Closed oscgonfer closed 6 months ago
Coming back to this issue as well, this means we can create also endpoints for sensors
and measurements
Hey Oscar, a couple of questions on this, which we can discuss tomorrow:
There's a few important bits of data which would need new homes under this proposal. Firstly, the sensor_map
json on the current kits
table, which maps sensor ids to named 'keys' for that kit. If we can assume that a given sensor always takes the same key, that can be moved to a new column on sensors
. If however a sensor can take a different id based on what device it's attached to - things get more complicated. They could be moved to components
but then, where would they be populated from when the component is created? I think in that case we'd need some sort of kit
like concept in order provide a template or prototype for these. The equation
and reverse_equation
columns on component
have a similar issue - if these are always the same per sensor, we just move them to sensors
, but if not, they'll need to be populated from somewhere when the component
is created for a device (meaning, again, something that looks suspiciously like a kit
to act as a repository of the appropriate info to use.
Would it cause problems for either us or end users if the ids
or uuids
of components changed? This is going to be a necessary consequence of this change (as unique components go from being one-per-kit to one-per-device), so it might be worth preparing ourselves for (and possibly announcing to users in the form of a deprecation warning) to manage what might well be a breaking change!
We'll chat it through tomorrow, but just wanted to give you a heads up :-)
thanks!
Tim
One little update on the above - we do indeed have two sensors which take different equations depending on which kit they're used as part of, so will need to dig into why, or find a way of dealing with this!

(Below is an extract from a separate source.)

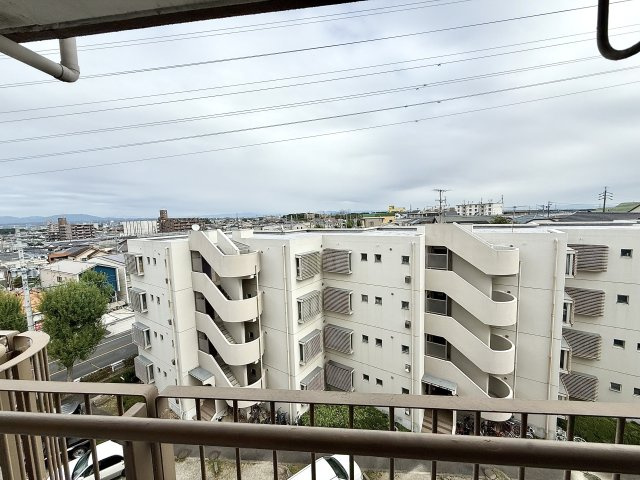 展望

sc_dev=# select sensor_id, count(distinct equation), count(distinct reverse_equation) from components group by sensor_id having count(distinct equation) > 1 or count(distinct reverse_equation) > 1;
sensor_id | count | count
-----------+-------+-------
7 | 3 | 1
10 | 2 | 1
(2 rows)
These are the sensors in question:
sc_dev=# select id, name, description from sensors where id in (7, 10);
id | name | description
----+-------------+--------------------------------------------------------------------------
7 | POM-3044P-R | Electret microphone with envelope follower sound pressure sensor (noise)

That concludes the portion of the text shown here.